I wonder if I'll cry, or if I'll stare at her face, with the cheekbones striking and the nose pointy and the mouth sunken. Will I hear voices, or see angels come and take her away? That would be a little bit exciting, I think, but then once it was all over I'd be sent to my father and his family. This makes me cough, and I swerve my thoughts to starting high school and steady dates and football games.

"You're so young, Sadie," she says. All I can say is, " Well, are you sure you won't even try a Saltine?" which she does, and writhes when it goes down, but she holds steady and swallows. "That damn Dr. Wayland." I nod, and swap the cloth, steamy when I take it from her face.

"Things now are so different from when I was a teenager," she says.

"Did you have your hair all curled like the Andrew's Sisters?" I tease softly.

She smiles and murmurs, "Only for a little bit... But your Aunt Lorna did for the longest time..." Her long fingers play piano on the arms of the rocking-chair.
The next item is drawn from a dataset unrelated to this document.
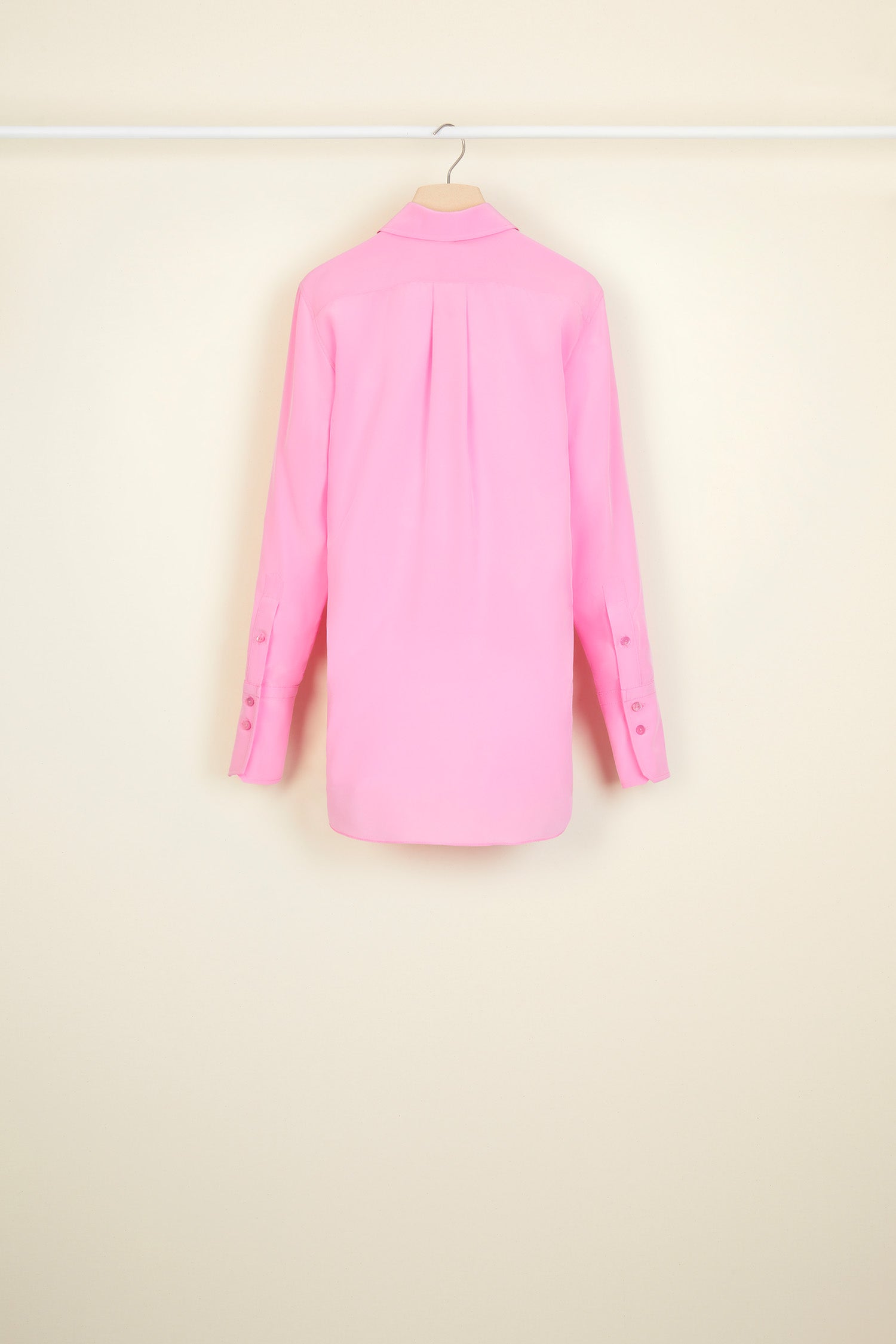 Patou - Draped silk blouse - Peony - Delicately draped, effortlessly elegant.Peony silk blouse. Longline draped silhouette with shirring at the neckline. Engraved mother of pearl buttons at the collar and cuffs ; concealed button fastening. Signature curved seam at the back.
"Damn Dr. Wayland," I say.

"You shouldn't swear, what would your friends think?" she mumbles. I whisper,

"I don't usually," and then more softly, "I doubt they'd really care."

"Oh Sadie," she sighs. I want to say real quickly, "Mom, you can't leave me yet. This isn't right. What happened? I don't understand. I still need you for a long time, and there hasn't even been a woman president yet! There should be one soon... it is the Seventies after all," but I know that my voice won't make those sounds. Fireflies drift around the lawn, little cutouts of lantern glow bobbing on the humidity. "Sweet little guys."

I want to tell her that it's just lemonade Slurpees that we drink out of Margarita cups. I want to tell her that even though if we did it now, we wouldn't be breaking our vow, none of us four in the Club have done what we swore we wouldn't do until we were all grown-up ladies and fourteen.

I want to tell her that I'm not all grown-up just because I'm a real teenager now. I want to tell her that she means more to me than the Fourteen Club, even if I did complain that I had to stay home and sit up with her instead of maybe giving each other makeovers at a Club sleep-over, so that I could maybe have my best friends back when we start high school in the fall.

I want to tell her that I don't blame her and her feminism and stuff for making dad leave us back when I was just little-bitty. I want to tell her that I think it's better this way, just us two, raisin' each other up in this big old Civil-War house, a few minutes from my middle school.

I put on "Chelsea Morning" again, and we both sit softly and smile at the fireflies.